The biggest risk Colombia faces, according to several of my interlocutors, is that if Petro is frustrated in his effort to bring about change through legal means, he will resort to stimulating protests and popular mobilization to get his way. This happened when he was mayor of Bogotá and faced a judicial inquiry. He is very popular with young people in the country, who are tired of being ruled by the same group of elite politicians. Petro is described as arrogant, excessively self-confident, and inflexible; he dislikes the private sector, the police, and other existing institutions that are likely to oppose many of his suggested reforms. He has already visited Venezuela and reopened relations with the Maduro regime. The country could descend into the kind of anomic protest and violence that Peru is now experiencing.

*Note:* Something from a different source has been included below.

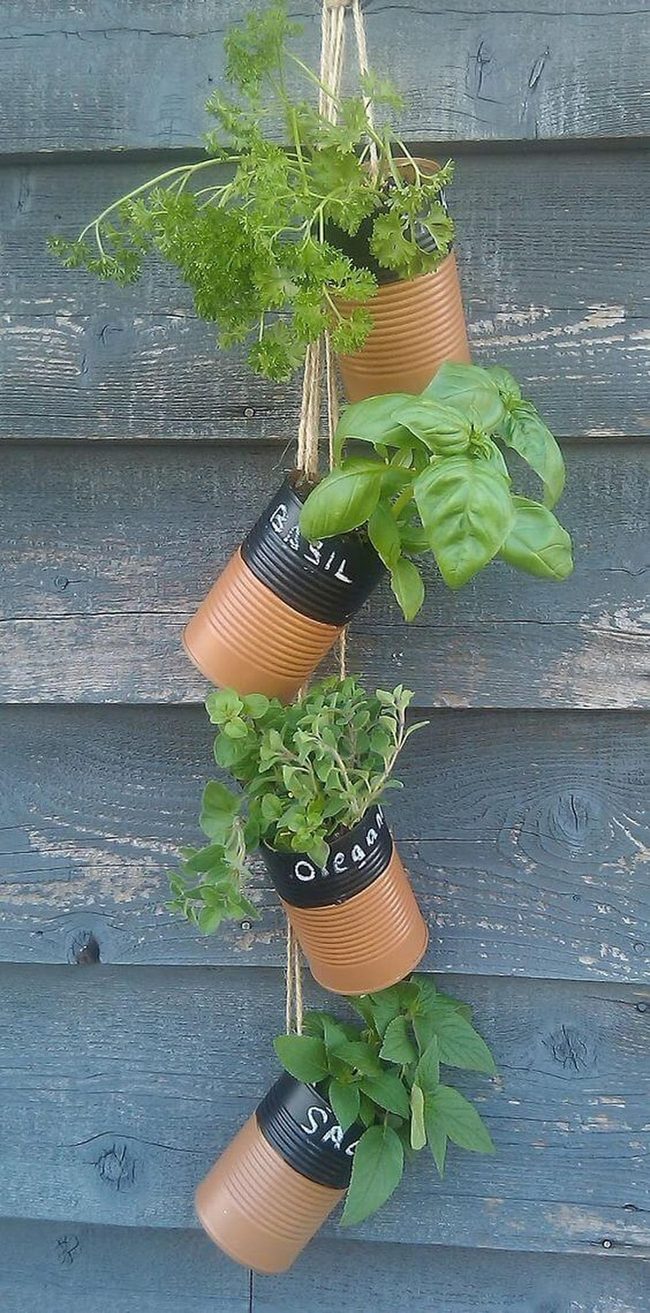Tin Can Herb Wall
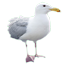 Seagull.apk 1.0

What worries me about the rise of the new Left in Latin America is not that we will see another Hugo Chávez appear who will wreck the foundations of his country’s economy and turn the political system into a Cuban-style dictatorship. The problem is rather that there seems to have been very little learning over time: many of the new leftist leaders maintain the same kind of stiff-necked hostility to the private sector and believe that nationalization will bring about social justice. None of them command impressive legislative majorities that will allow them to rapidly change their societies. Chile’s Boric tried to replace his country’s constitution with an entirely new one, one that was soundly rejected in a referendum, while Castillo is out of office entirely. The only exception to this is Mexico’s Lopez Obrador, who remains extremely popular despite his country’s lack of economic growth during his tenure. AMLO, as he is known, is still stuck in the 1960s, pushing a revival of Mexican fossil fuels and uninterested in issues like feminism and identity politics that have been taken up by younger leaders like Gabriel Boric.

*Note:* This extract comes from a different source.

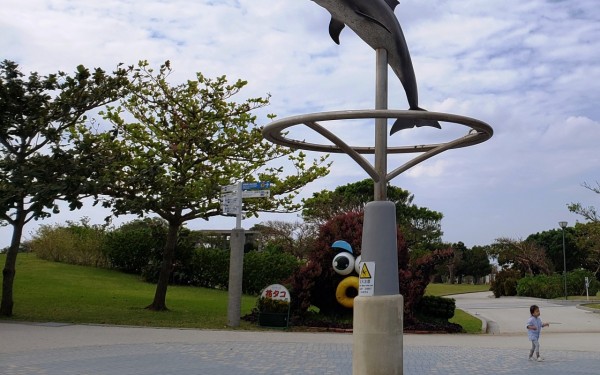 何回行っても楽しい　ちゅら海水族館(本部町)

Latin America needs sustainable social policies that will reduce informality, aid the poor, and open up institutions to all citizens. The region needs economic growth above all as it reels from the effects of the Covid epidemic. I suspect that the pendulum will eventually start swinging back to the right as the new generation of leftist leaders fail to produce results. But the region as a whole will not address its social problems unless its politics becomes less polarized and parties of the center left and center right emerge. Gustavo Petro was elected in part because his opponent was a social media-savvy 77 year old populist of the right, Rodolfo Hernández, who was ultimately not serious about being Colombia’s president. At the moment, a more centrist and viable future is not visible.